I know where your coming from, I took one off mine back as a two and a half yr old nightmare,the owners felt they could not manage him anymore,he was in such a state,dog aggressive,he was attacked when he was a young pup.Hubby sorted him out,and we rehomed him to a good close family friend,he's still going strong at nearly 13 yrs old.

So what happens for example husband wife couple of kids,new puppy,husband loses job,loose house,find other accomadation but no dogs allowed,one thing we can't see is the future,things change.

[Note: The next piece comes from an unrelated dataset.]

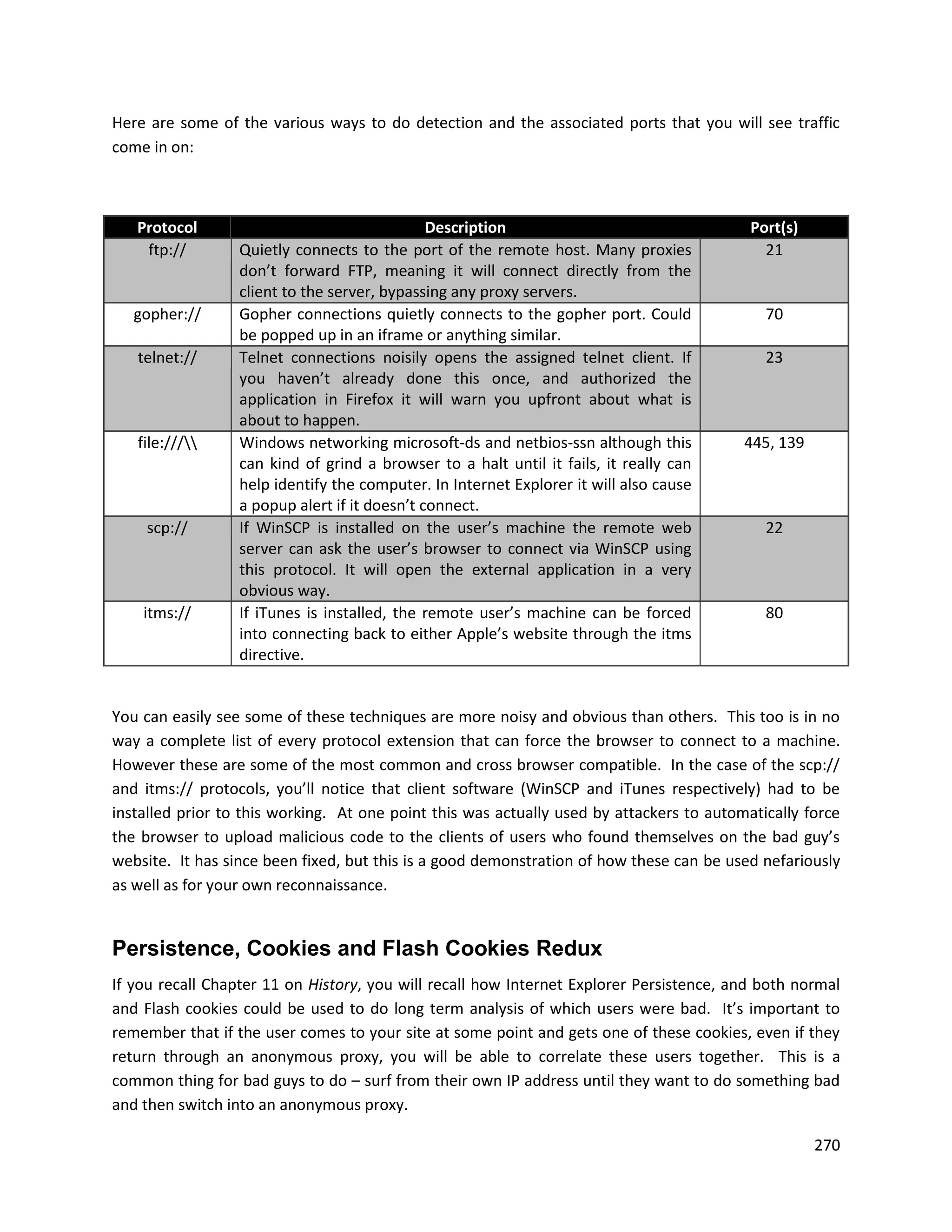Here are some of the various ways to do detection and the associated ports that you will see traffic
come in on:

So as secure as you think you are,things can and do change,somtimes leaving owners no choice but then it should be down to the Breeder to step in and help with rehoming or taking the dog back.


----------



## Guest (Feb 4, 2008)

sallyanne said:


> I know where your coming from, I took one off mine back as a two and a half yr old nightmare,the owners felt they could not manage him anymore,he was in such a state,dog aggressive,he was attacked when he was a young pup.Hubby sorted him out,and we rehomed him to a good close family friend,he's still going strong at nearly 13 yrs old.
> 
> So what happens for example husband wife couple of kids,new puppy,husband loses job,loose house,find other accomadation but no dogs allowed,one thing we can't see is the future,things change.
> 
> So as secure as you think you are,things can and do change,somtimes leaving owners no choice but then it should be down to the Breeder to step in and help with rehoming or taking the dog back.

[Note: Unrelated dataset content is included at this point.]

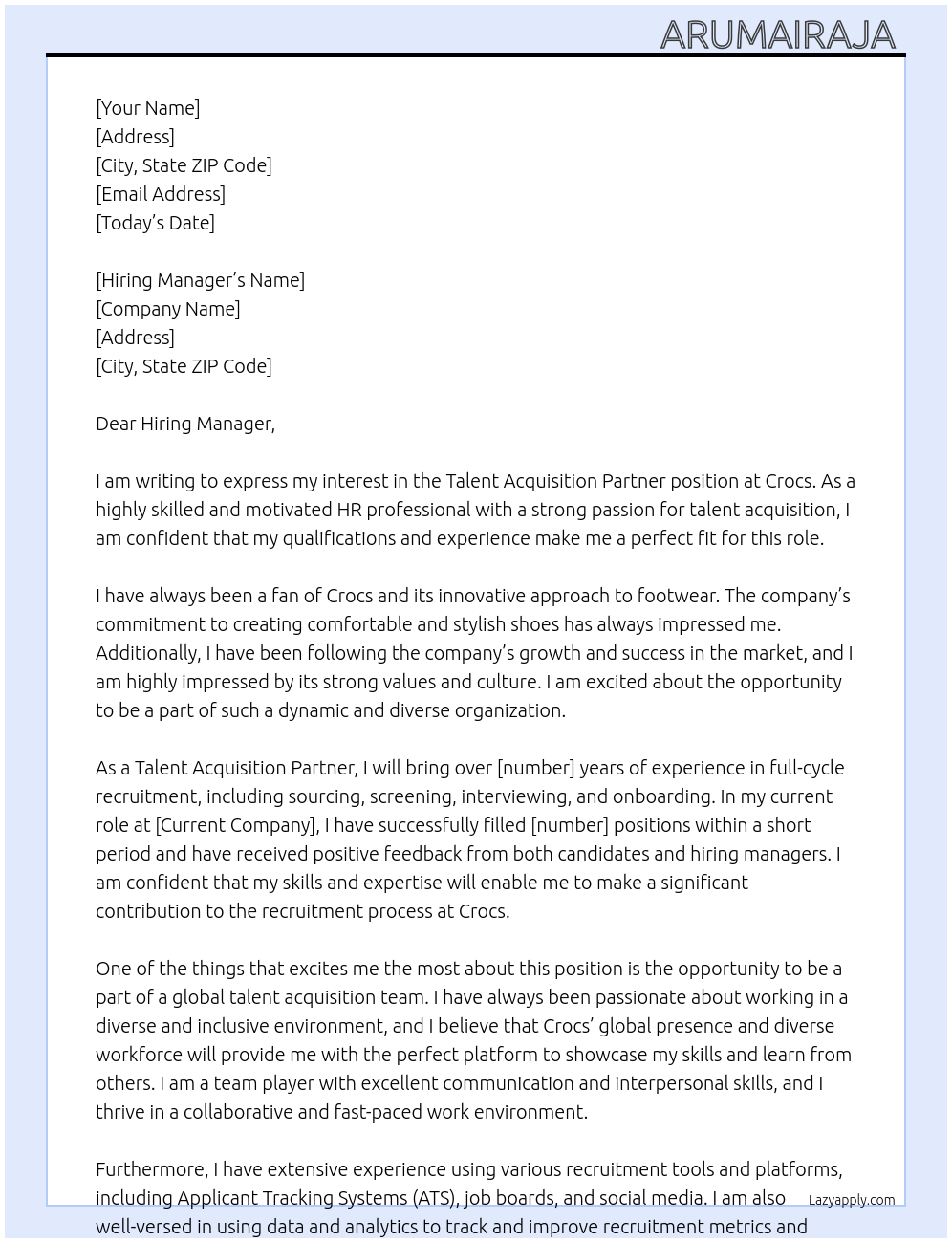 Talent Acquisition Partner At Crocs Cover Letter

Everything what your saying is right ,but i feel that majority of the dog owners especially with our breeds Sallyanne, buy these dogs and when the going gets tough they decide to get rid ,this is usually down to the dog destroying there home by chewing it to death ! And this is all down to them not having time to spend walking the dog and keeping it mentally stimulated ! They buy these dog as a fad i feel ,and they dont realy think it through!


----------



## Guest (Feb 4, 2008)

garryd said:


> Everything what your saying is right ,but i feel that majority of the dog owners especially with our breeds Sallyanne, buy these dogs and when the going gets tough they decide to get rid ,this is usually down to the dog destroying there home by chewing it to death ! And this is all down to them not having time to spend walking the dog and keeping it mentally stimulated ! They buy these dog as a fad i feel ,and they dont realy think it through!

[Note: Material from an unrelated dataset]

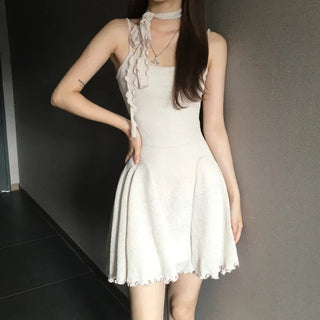 Fairy Scarf Set Flare Mini Sleeveless Dress Party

Yes the bull breeds do suffer at the hands of irresponsible morons,mine are crated seperatly at night and during the day if we go out,that way my house remains in one piece,plus I know they are safe and can't start a fight with each other.I don't think for a minute they ever would but I need to remember what they are and I've seen the damage they can do,not a risk I'm prepared to take.


----------



## Moosesmummy (Nov 20, 2007)

There are lots of Labs in rescue are because of selling puppies to people who haven't got a clue on what training and excercise a Lab needs as a direct result of the ignorance of the breeders selling the pups to these homes. 

We have so many young adolences who were 'far too boistrous' or 'we dont have the time' or 'too destructive'


----------



## bullbreeds (Jan 14, 2008)

That said, I think some of the blame should be taken off the breeders that do all they can to vet potential owners and blame the 'ignorant' buyers. After all they are the ones that choose to get rid of the dog later down the line.


----------



## Guest (Feb 4, 2008)

bullbreeds said:


> That said, I think some of the blame should be taken off the breeders that do all they can to vet potential owners and blame the 'ignorant' buyers. After all they are the ones that choose to get rid of the dog later down the line.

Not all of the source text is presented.